The eyes of a bone shard technician and the hands of a master weaver. Had he sewn lattices in here? She supposed it wouldn’t have been Quietus Nets and Anodyne Bands. Maybe not even Wards of Rebound. Those could be made by any senior journeyman weaver. No, the High Harvester must’ve made him copy his own dark patterns for lattices that crippled, manipulated, and poisoned. She thought about the Obedience Lattice, Falk Kühner’s prized invention, rejected by the academy board. She thought about the Pestilent Wheel that had killed hundreds in Langenbach. Who knew how many more twisted patterns the Harvester had created? One more wicked than the other. Had he made Rune weave them to deploy them on the battlefield?
Seraphina stood and approached the nearest wall. She didn’t expect to find anything, seeing how Rune had had access to paper and graphite pencils, but she ran her hands over the stone anyway, her fingertips pressing, searching.
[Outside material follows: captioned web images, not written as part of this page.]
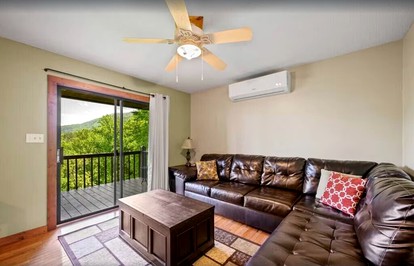 Magnificent 26-Person Vacation Rental in Sevierville, Tennessee - The Ultimate Glamping Site near Pigeon Forge - Sevierville, Tennessee - glamping.directory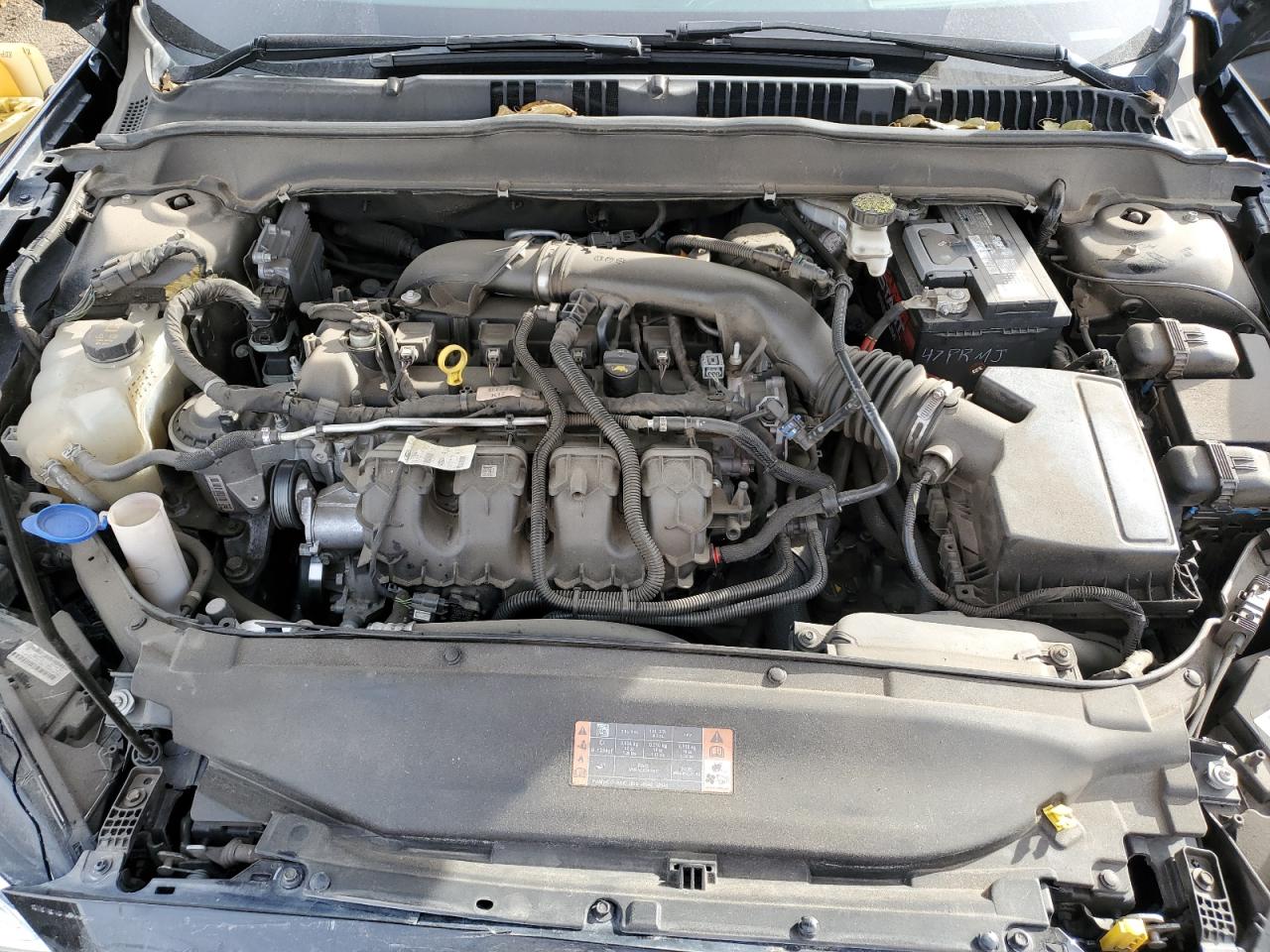 2020 Ford Fusion - Image 13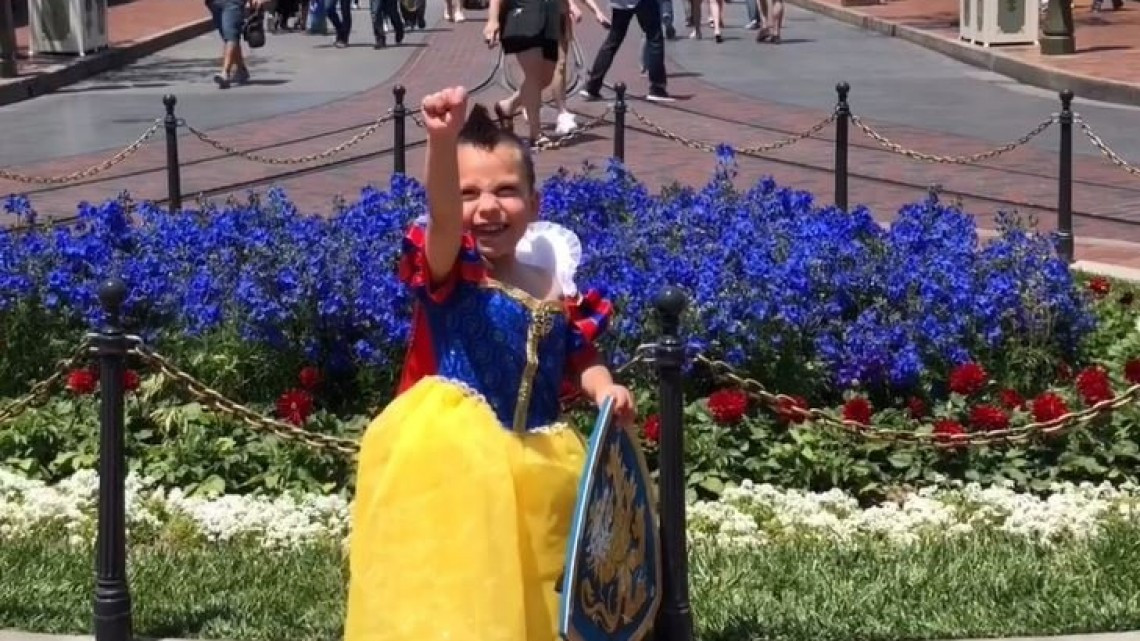 Cumple deseo de su hijo y lo viste de princesa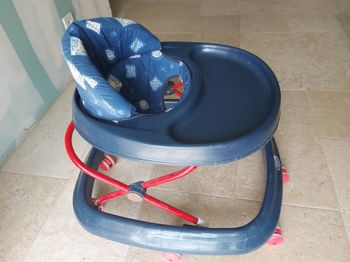 Trotteur bébé confort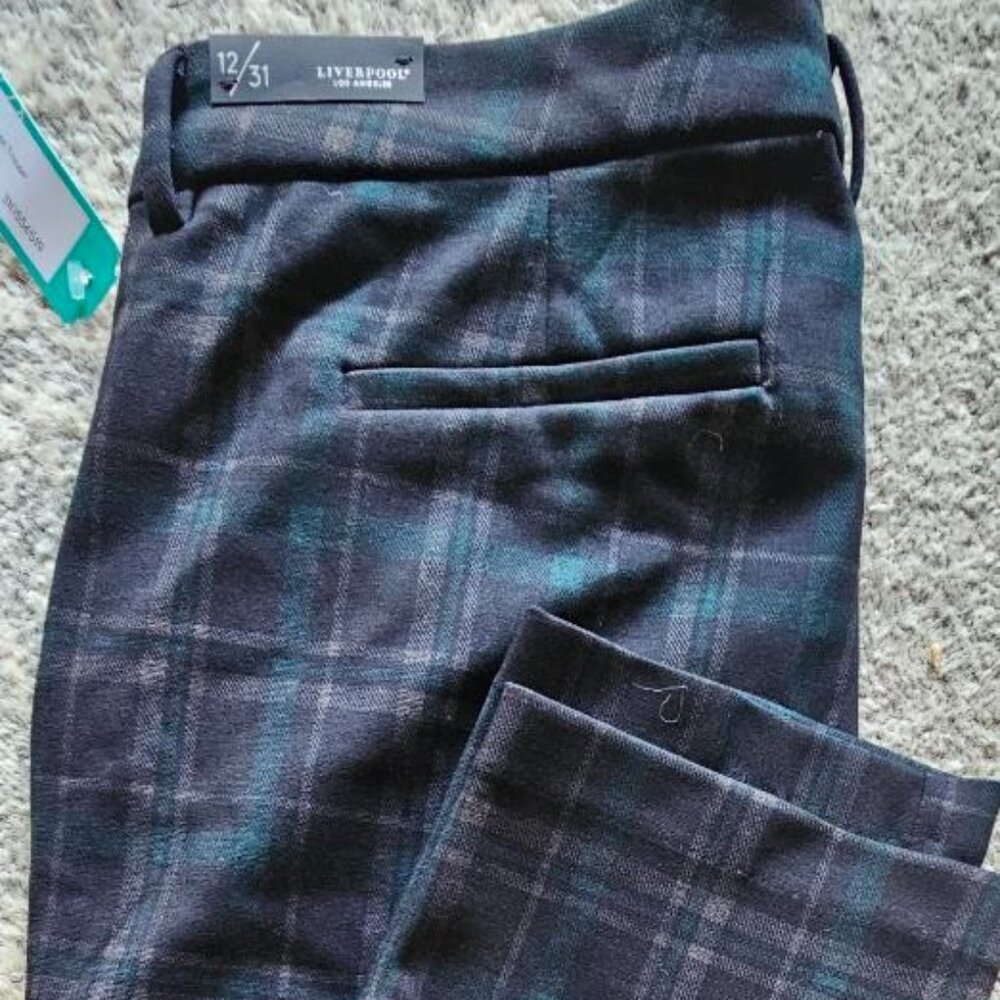 Liverpool Los Angeles Kelsey Straight Knit Trouser, size 12/31, black w/plaid
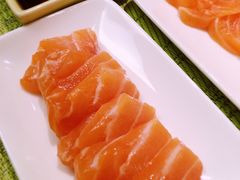 -华邑酒店·鲜艳全日自助餐厅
Nothing on the wall against which the table had sat. She walked along it, her boot caught in a soggy sheet of fabric crumpled on the floor, and she braced herself on the bedframe to stop from falling. The sheet once kicked into the corner, she stepped inside the bedframe and ran her palms over the wall above the bed.
There. Words carved into the stone.
“I struck a word with silence, bare and deep:
I keep her charmed, she grants me sleep.
I struck forever with the time I’ve lost:
I hide what remains, it spares me the cost.”
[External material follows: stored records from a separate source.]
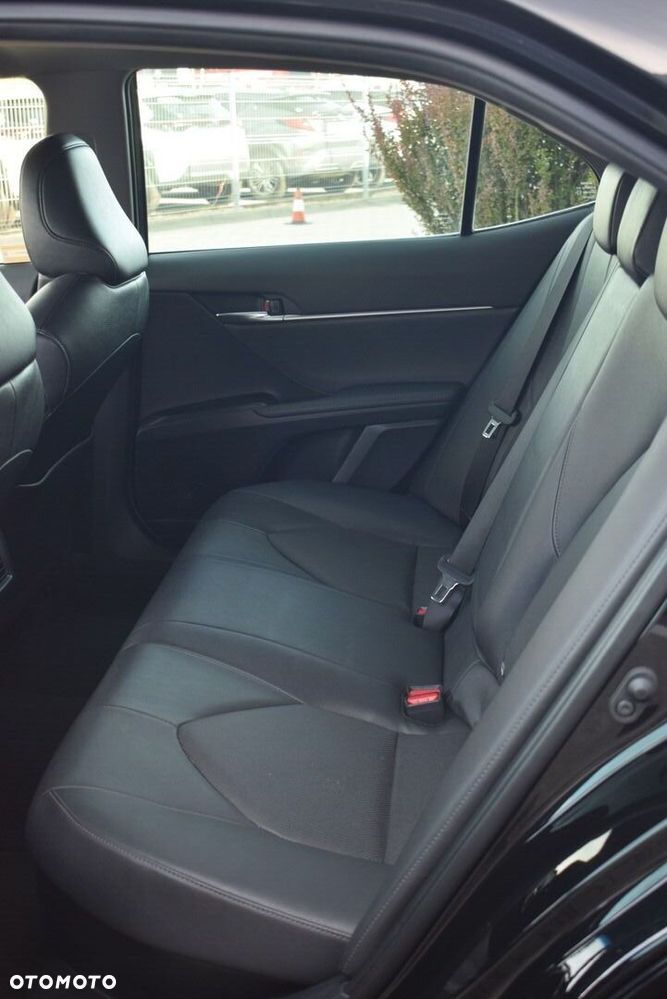 Toyota Camry 2.5 Hybrid Comfort CVT - 14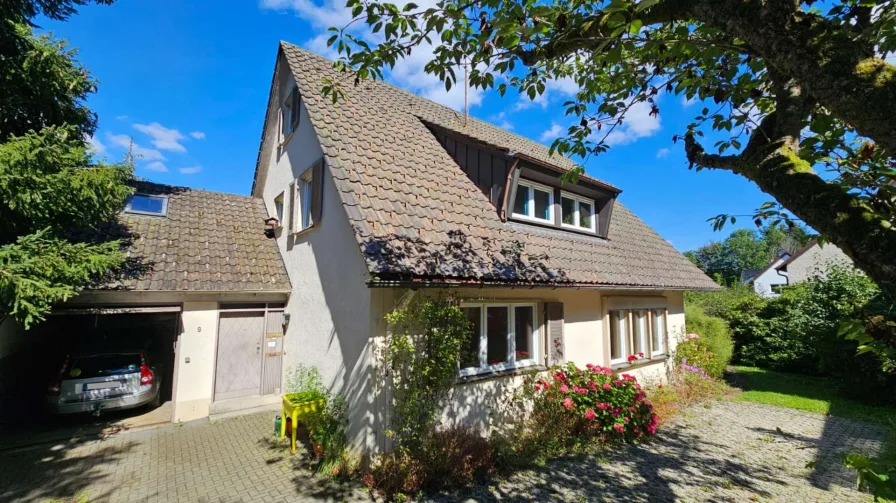 Hausansicht - Haus kaufen in Freudenstadt - Charmantes Wohnhaus mit Balkon & Terrasse im südlichen Freudenstadt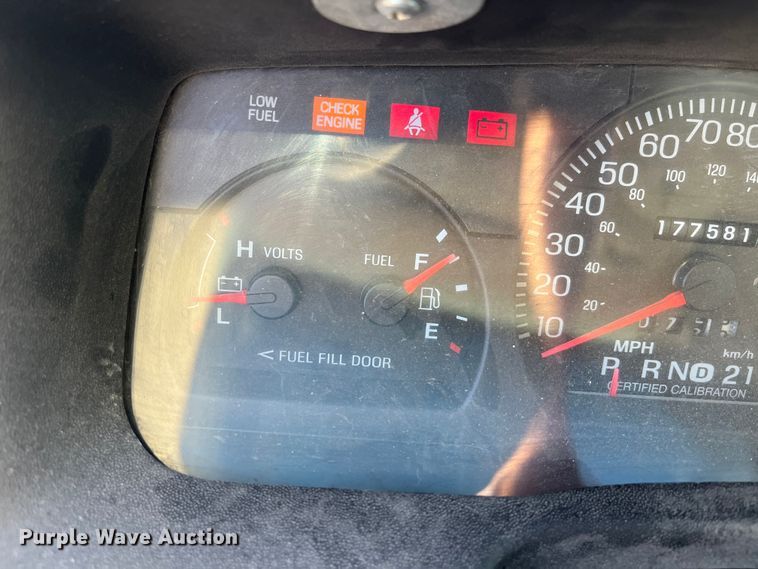 image for item MN9439 2005 Ford Crown Victoria Police Interceptor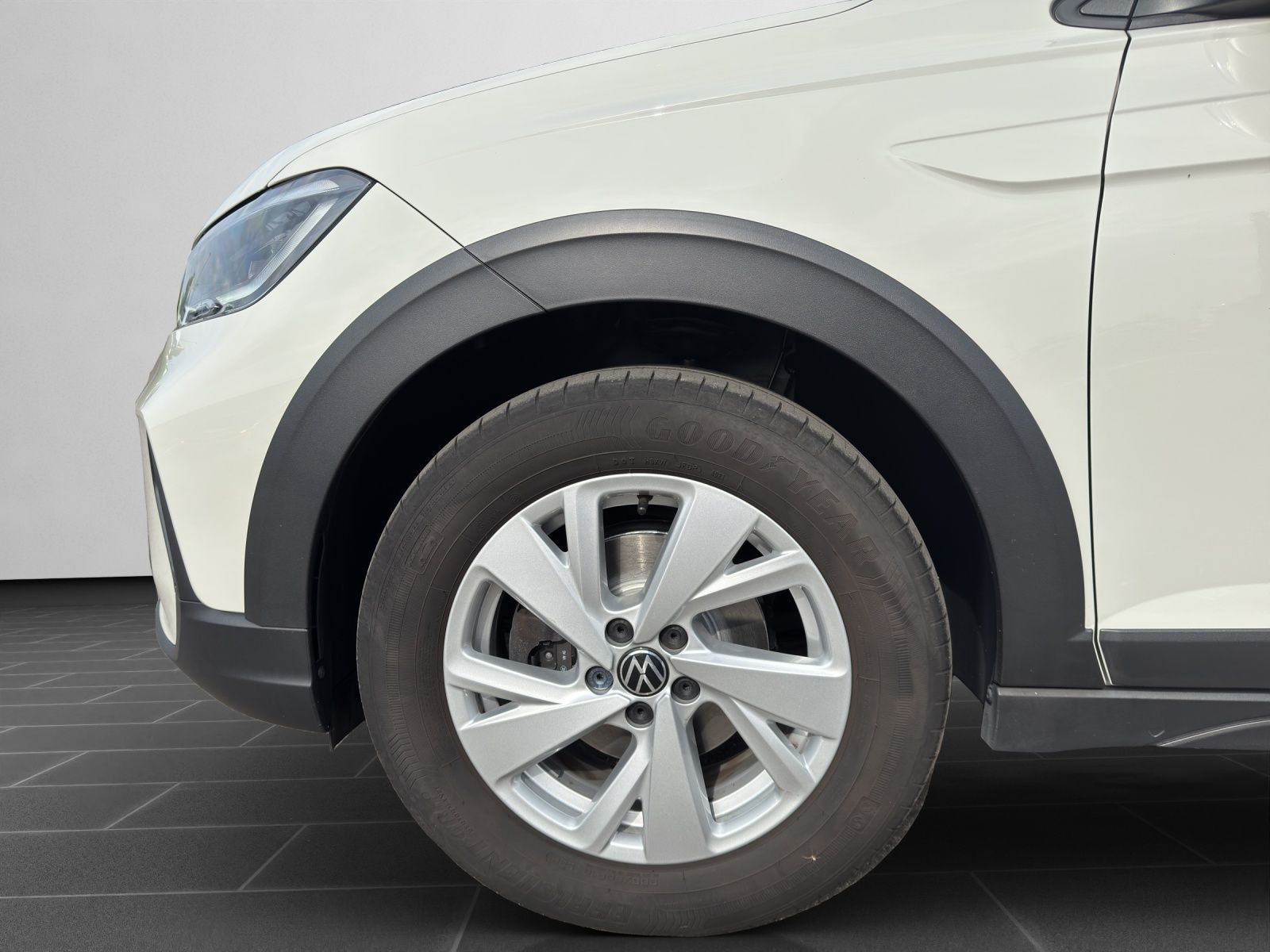 Volkswagen Taigo 1.0 TSI - Samsaru's Car Outlet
A sob tore from her throat. How could she have abandoned him? What was she doing here, still? Discovering him, his firstyears of life. She’d needed to know, so she’d come on instinct. The loose thread floating at the back of her mind connected her to him.
She stepped over the bedframe again, walked out of the cell, and reoriented herself back toward the stairs. The sound of footsteps and voices stopped her, making her press herself against the wall.
“Why are you doing this!” A young man’s voice, accented.
“Keep going.” The soldier from before.
Seraphina knew she was safe, so she went to meet them at the foot of the stairs. They soon came into view, dark shadows against gray. She smelled oil and smoke from a torch.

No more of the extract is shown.